HOW TO COMPLETE THIS TASK:
The goal is a clean copy of all the data below, with pictures dropped and everything else retyped exactly.

--- DATA Enclosed Below ---

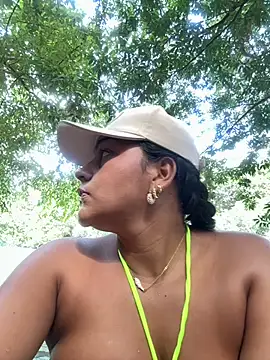 anaesca online show from November 3, 2025, 2:31 pm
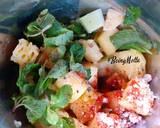 Detoxifying Pineapple Cucumber Juice with Pumpkin Seeds recipe step 2 photo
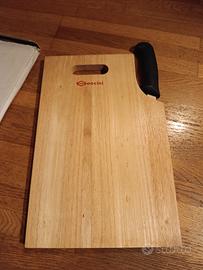 Tagliere in legno con coltello da pane 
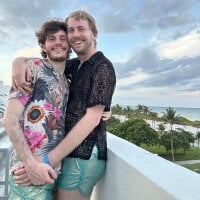 Bushytwinks webcam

--- End of Enclosed DATA ---

EXERCISE OUTPUT:
 anaesca online show from November 3, 2025, 2:31 pm
 Detoxifying Pineapple Cucumber Juice with Pumpkin Seeds recipe step 2 photo
 Tagliere in legno con coltello da pane 
 Bushytwinks webcam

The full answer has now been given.